The first ever Estonian politician to officially visit Iran, foreign minister Marina Kaljurand was soon to experience a plague of the exhaust-smoky Tehran streets called traffic jam.
Iran is interested in Estonia
Even so, over time this sight of a black hybrid Mercedes standing amid local cheap and battered Chinese vehicles may be as much as an exception as is such a fancy car in town right now.
Iran is opening up for the world, delegations from various nations are arriving with regularity, large airlines are opening connections and enterprises of all kinds are seeking a foothold.
No wonder the interest as last summer the nuclear accords secured the removal of sanctions and the country of 80 million of educated population, 18th economy in the world by size, is attractive enough.
The more so that, after years of having to do with lower quality stuff, the Iranian market poses a strong potential. As The Economist put it at the beginning of the year: some Western diplomats and financial figures residing in Tehran are convinced that win ten years Iran will speed past the regional giants Saudi Arabia and Turkey by GDP.

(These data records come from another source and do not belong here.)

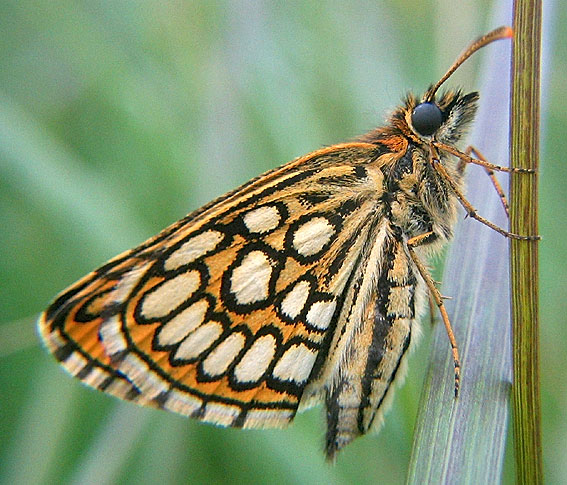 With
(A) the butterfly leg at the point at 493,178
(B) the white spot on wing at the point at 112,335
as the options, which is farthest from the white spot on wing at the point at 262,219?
(A) the butterfly leg at the point at 493,178

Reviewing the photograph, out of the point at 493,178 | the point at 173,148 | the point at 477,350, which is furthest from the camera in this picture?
the point at 173,148

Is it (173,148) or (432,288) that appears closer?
(432,288)

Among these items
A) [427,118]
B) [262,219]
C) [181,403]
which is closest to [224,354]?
[181,403]

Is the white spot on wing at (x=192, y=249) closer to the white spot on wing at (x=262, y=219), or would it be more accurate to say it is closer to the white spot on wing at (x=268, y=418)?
the white spot on wing at (x=262, y=219)

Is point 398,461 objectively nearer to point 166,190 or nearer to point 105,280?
point 105,280

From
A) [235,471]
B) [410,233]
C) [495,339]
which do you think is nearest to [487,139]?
[410,233]

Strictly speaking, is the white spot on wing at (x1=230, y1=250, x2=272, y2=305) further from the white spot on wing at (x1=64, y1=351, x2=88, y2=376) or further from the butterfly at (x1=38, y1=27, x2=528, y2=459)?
the white spot on wing at (x1=64, y1=351, x2=88, y2=376)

For the ordinary Estonian ear, it might seem strange for Iran to have taken an interest towards Estonia, but foreign minister Ms Kaljurand assures us this is so at the moment. Not just because Estonia is in EU, but «Iran is interested in cooperation. This is a country with a market cut off from trade for a long time. Sufficient to glance at the city streets to say they would definitely like some better and more expensive cars. This here is a market desperate for goods,» as Ms Kaljurand told Estonian media yesterday following a meeting with Iranian President Hassan Rouhani and foreign minister Javad Zarif.
While never missing Estonian candy or cheese nor likely to ever want them, as also admitted by Ms Kaljurand, the Iranians are primarily interested in information technology, communications and e-services. «Not going to fill Iranian market with the usual Estonian goods,» she added.

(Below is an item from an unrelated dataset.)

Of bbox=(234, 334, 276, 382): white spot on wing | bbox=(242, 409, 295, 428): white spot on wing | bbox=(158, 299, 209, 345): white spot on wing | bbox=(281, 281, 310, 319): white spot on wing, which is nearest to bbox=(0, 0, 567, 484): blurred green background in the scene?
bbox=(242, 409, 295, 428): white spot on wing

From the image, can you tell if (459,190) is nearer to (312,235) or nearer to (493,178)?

In addition to above, topics discussed at the meetings featured regional issues like peace talks in Syria, the situation in Yemen, and the Middle-Eastern peace process. As conceded by the minister, Iranian opinions are interesting while they cannot be claimed to coincide with those of Estonia in everything.
The discussions also touched upon Ukraine. «Unavoidably, Iran is influenced by their excellent and close relations with Russia,» commented Ms Kaljurand.
According to the Estonian foreign minister, her Iranian colleague asked if Syrian and Ukrainian subjects could be combined – so that Russia is offered something in Ukraine for cooperation in Syria. Ms Kaljurand said she explained the position of Estonia and the EU and assured the colleague these were separate subjects.
«There is Syria and the solutions to be found there, and there is Ukraine and the solutions to be found there. These will not be combined, and nothing will be offered by one in exchange for the other,» said Ms Kaljurand.
Iranian foreign minister Mr Zarif told Postimees and ERR their current priorities, next to achieving regional peace, is the keeping by all parties of the nuclear treaty. «We have kept our part of the nuclear treaty thus we expect USA to encourage business activity in reality and not on paper only, and urge enterprises to come here,» said Mr Zarif and admitted that foreign entrepreneurs continue to feel an emotional barrier towards Iran.
Though the economic situation will probably be improving in Iran, this will not spell solutions to problems in the society. Even so, Ms Kaljurand underlined that the nuclear accord allows other nations to talk to Iran about subjects not necessarily comfortable for Tehran – like human rights.
Till today, the Islamic republic features death penalty, and the morality police basij may lash their whips at women without headscarves, and ayatollah Ali Khamenei sits as supreme leader.
Freedom of speech is restricted, anyone making a statement against the authorities risk jail, Facebook and Twitter, as well as the Postimees portal, are closed down – though there are naturally ways to bypass that.
According to people familiar with the Iranian society, the middle class for instance no longer thinks that anti-government protests make sense as the only result is potential prison terms.
Of course they curse the state but between four walls only, and among people they trust – not on slogans. The only obvious path towards greater freedoms would be to wait until the bunch in power inevitably ceases to be among us.